Gertian commented 6 months ago

When computing quasi-particle excitations a krylov algorithm is used to solve the eigenvalue problem.

According to the documentation of KrylovKit it is therefore quite risky to ask for multiple excitatations per momentum in the case that the spectrum is degenerate.

Degenerate eigenvalues

From a theoretical point of view, Krylov methods can at most find a single eigenvector associated with a targetted eigenvalue, even if the latter is degenerate. In the case of a degenerate eigenvalue, the specific eigenvector that is returned is determined by the starting vector x₀. For large problems, this turns out to be less of an issue in practice, as often a second linearly independent eigenvector is generated out of the numerical noise resulting from the orthogonalisation steps in the Lanczos or Arnoldi iteration. Nonetheless, it is important to take this into account and to try not to depend on this potentially fragile behaviour, especially for smaller problems.

As far as I know this is not mentioned in the documentation of MPSKit and on top of this it might be useful to use @warn to inform the user about this.

A more practical question : If I'd be asking for the two lowest quasiparticles which I suspect to have degenerate eigenvalues. How would this affect performance ? Could this be incredibly slow ? What exactly is ment with

generated out of numerical noise ?

and when is this expected to fail ? What happens if it does ?

Gertian commented 6 months ago

It also seems as if the verbosity argument of KrylovKit isn't propagated into MPSKit right ?

maartenvd commented 6 months ago

Failure means that it will not find the second degenerate eigenvector, and instead find the one above it. If you suspect the system to have a degenerate eigenvalue then you could probably run the eigensolver, take a random vector and project out the already found eigenvector, and run the eigensolver again with this new initial state.

If the system is indeed degenerate, then you expect both eigensolver calls to find the same eigenvalue but with two different associated eigenvectors. If the system is not degenerate, then the second eigensolver call should either find the same eigenvalue with the same eigenvector, or it could even fail to find that eigenvalue (since you projected out the exact eigenvector).

Op wo 7 feb 2024 om 18:11 schreef Gertian @.***>:

It also seems as if the verbosity argument of KrylovKit isn't propagated into MPSKit right ?

— Reply to this email directly, view it on GitHub https://github.com/maartenvd/MPSKit.jl/issues/111#issuecomment-1932508158, or unsubscribe https://github.com/notifications/unsubscribe-auth/AAJKVCQU5NEY2AGDGTHOW33YSOYUPAVCNFSM6AAAAABC6FPS5SVHI2DSMVQWIX3LMV43OSLTON2WKQ3PNVWWK3TUHMYTSMZSGUYDQMJVHA . You are receiving this because you are subscribed to this thread.Message ID: @.***>

Gertian commented 6 months ago

Ok, that sounds like a good solution to my problem.

Out of curiousity, how is performance expected to be influenced in case I try to run a single eigensolver with num=2 instead of two separate ones ? I'm asking because this is what we did and we find huge runtimes on a very beefy computer.
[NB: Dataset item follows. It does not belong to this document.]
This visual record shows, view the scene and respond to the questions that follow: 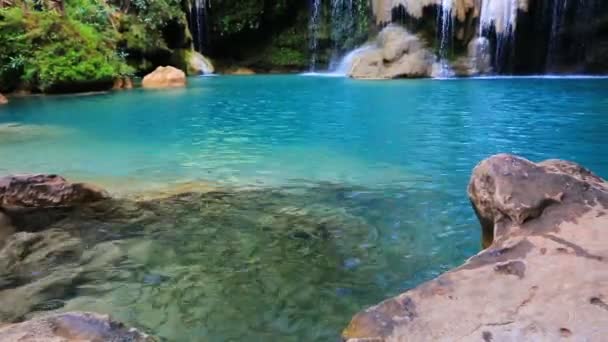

So I'm trying to understand how we could potentially lower these a bit without drastically sacrificing accuracy.

Obviously we'll start using num=1 but what else might be improved ?

Jutho commented 6 months ago

In general, asking for 2 instead of 1 eigenvector should not increase the runtime by a huge amount. Yes, it may require some more iterations of the Krylov algorithm before the second eigenvector is converged, but that should increase the runtime with maybe a factor of two (could be worse if the second one is for some reason tougher to converge, but I mean, I wouldn't expect a factor of 10 or 100 increase).

But if the lowest one is degenerate, it might be that the second one is truly a higher energy state and not a second eigenvector within the degenerate subspace. This cannot really be predicted. Is there a symmetry that tells you that you expect degeneracy? Accidental degeneracies (not explained by symmetry) are not that common.

Gertian commented 6 months ago

I've timed these things a little bit for low bond dimensions where everything still runs within reasonable time and indeed I find barely any impact on the performance. (Here I don't expect any degeneracy either though)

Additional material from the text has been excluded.